Friday, April 30, 2010

Time for T?


graphite & putty eraser, with watercolour/30x20cm

Representing, via the drawing process, one of the more intriguing shapes into which the found 'roadkill' has been reformed - crumpled, folded & flattened, with significantly altered surface qualities & additional textural dimensions - barely recognizable from what previously was, a new kind of aesthetic object altogether.

Soundtrack:


Elvis Costello 'Girls, Girls, Girls'
Jesca Hoop 'Hunting My Dress'
Geraldine Fibbers 'The Hut Recordings'

2 comments:

Jazz said...

I marvel at your continued dedication to the tinned roadkill series - this one, I think, has a relvolver-esque quality in its crushed contortion.

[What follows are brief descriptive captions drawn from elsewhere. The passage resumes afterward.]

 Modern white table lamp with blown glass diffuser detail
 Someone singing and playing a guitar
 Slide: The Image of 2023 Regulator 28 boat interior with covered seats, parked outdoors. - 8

I presume that these are, with the others, 'life size' - and I notice curiously that they continue to deny any sense of perspective when drawn from life.

James Rowley said...

Thanks for your considered comment, Jazz.
The 'roadkill', in its found form, just happens to be the gift that keeps giving, there always seems to be available subject/object matter that continues to demand scrutiny, although the ongoing project is equally the enforced product of a lack of time & space to engage with a more expansive body of work.
One sees exactly what you mean in terms of the suggestion of a revolver, although there might also be something of a discarded pants-like quality!

All representations are, indeed, life size - the object is in fact traced around twice, once in erased form, the other to form the outline to be 'filled-in' to the right.

The lack of perspective is the result of the object lying directly below my gaze, about 15" away, upon the page of the sketchbook on which I'm drawing as it rests on my lap.